I just finished reading Personal Observations on the Republic of Vermont (Paperback) by Vrest Orton, more of an 86-page pamphlet than a full book. Admittedly, this is a bit quirky. Unlike other reviewers I don't find its political views to be overwhelmingly conservative. The subject is a little abstract. Put simply, Vermont is a small state. There are not many interested in its history. That does not make the converse true, that it's history is not interesting or important. I have such an interest, being a history buff and having family living part-time in Vermont. I have done other reading about this period and Vermont's role, including but not limited to Vermont's Ebenezer Allen: Patriot, Commando and Emancipator by Glenn Fey Jr. and George Clinton: Yeoman Politician of the New Republic by John P. Kaminski. The latter has a lengthy section about New York's battle to retain Vermont, which marked much of Governor Clinton's long career as New York governor.

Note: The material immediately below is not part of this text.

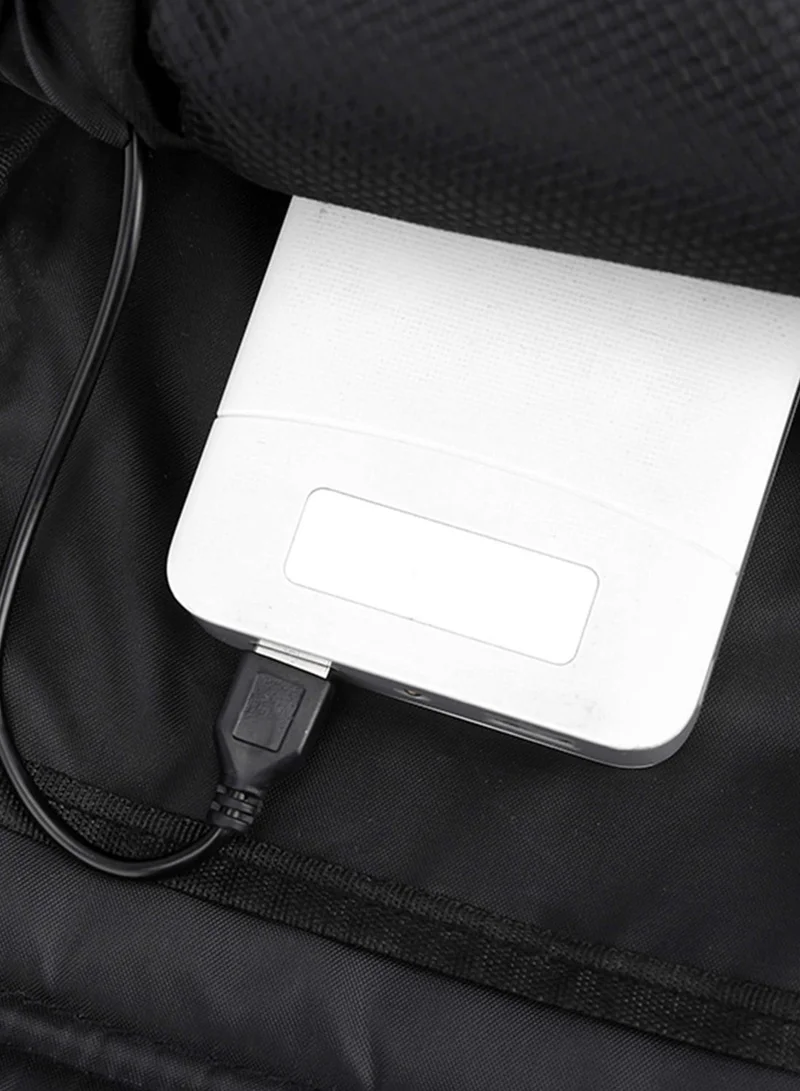 Hike Grey Crossbody Sling Bag Synthetic Water Resistant Unisex Small Shoulder Bag with Built in USB Port for Business Travel Outdoor Shopping, HK2032, Dark Grey  | Best Price UAE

As some may know, Vermont was not one of the Thirteen Colonies, and was not present at the Constitutional Convention. It's land was claimed, separately, by Massachusetts, New Hampshire, Britain (by way of Canada and otherwise) and most importantly New York. Many of the people living in what is now Vermont felt differently. When New York, New Hampshire and Massachusetts were royal colonies, Vermont resisted. It resisted New York's incursions more than New Hampshire, which governed with a lighter hand. The Vermonters were particularly turned off by New York's "patroon" system, akin to Russia's tradition of serfdom.

This resistance led, ultimately, to Vermont declaring an independent republic, initially called New Connecticut and later Vermont, in 1777. Vermont had its own Constitution, currency and other attributes of independence. Four year's after writing of the U.S. Constitution, Vermont joined as the 14th state.